### Provided data:
________________________

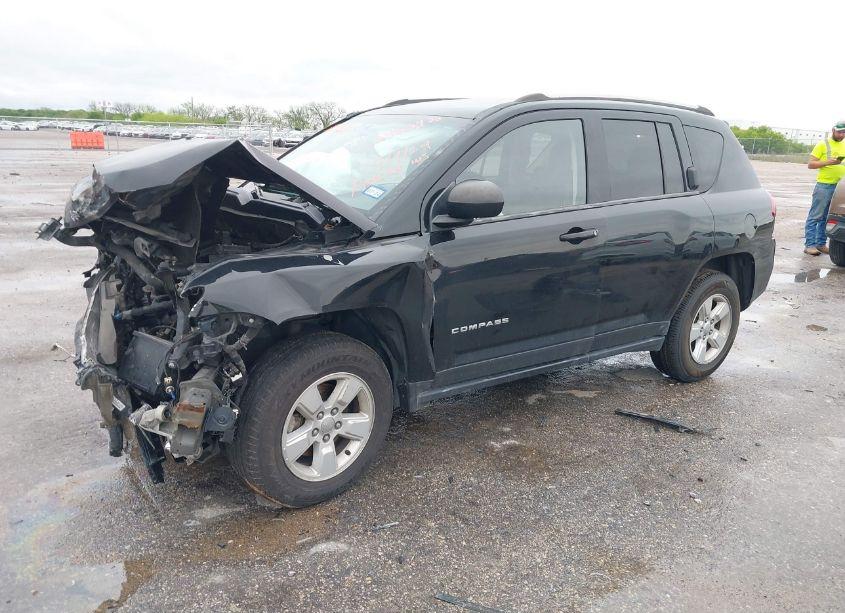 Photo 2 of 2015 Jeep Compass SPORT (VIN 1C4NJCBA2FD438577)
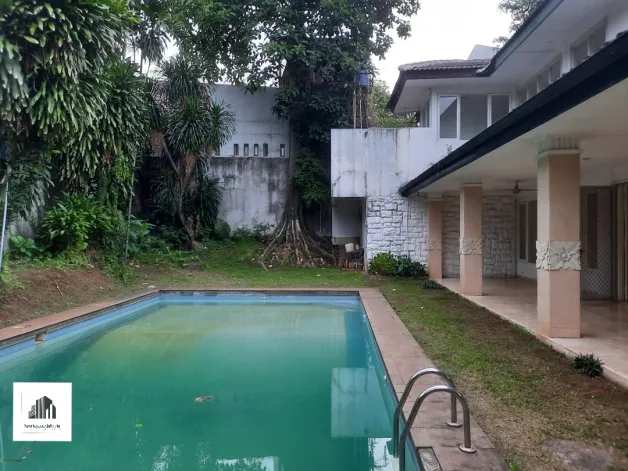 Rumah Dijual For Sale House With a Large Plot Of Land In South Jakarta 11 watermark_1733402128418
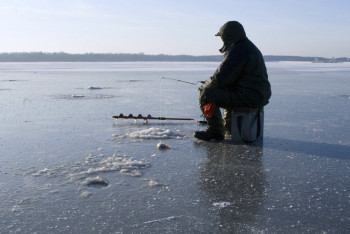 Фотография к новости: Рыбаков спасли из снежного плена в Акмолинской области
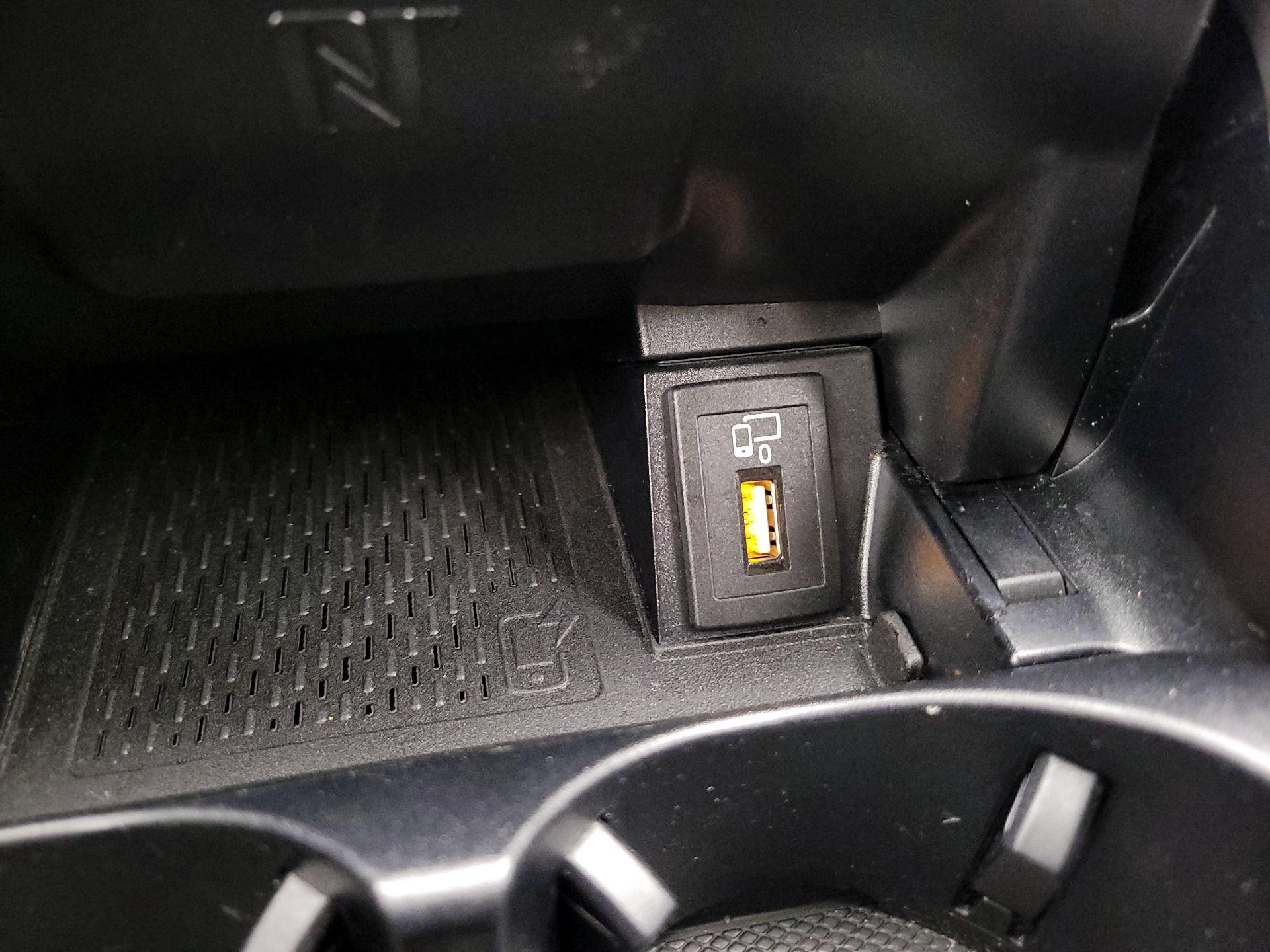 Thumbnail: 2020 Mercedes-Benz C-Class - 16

________________________

### Your objective:
Pictures aside, return all of the material exactly as written.

### Exercise solution:
 Photo 2 of 2015 Jeep Compass SPORT (VIN 1C4NJCBA2FD438577)
 Rumah Dijual For Sale House With a Large Plot Of Land In South Jakarta 11 watermark_1733402128418
 Фотография к новости: Рыбаков спасли из снежного плена в Акмолинской области
 Thumbnail: 2020 Mercedes-Benz C-Class - 16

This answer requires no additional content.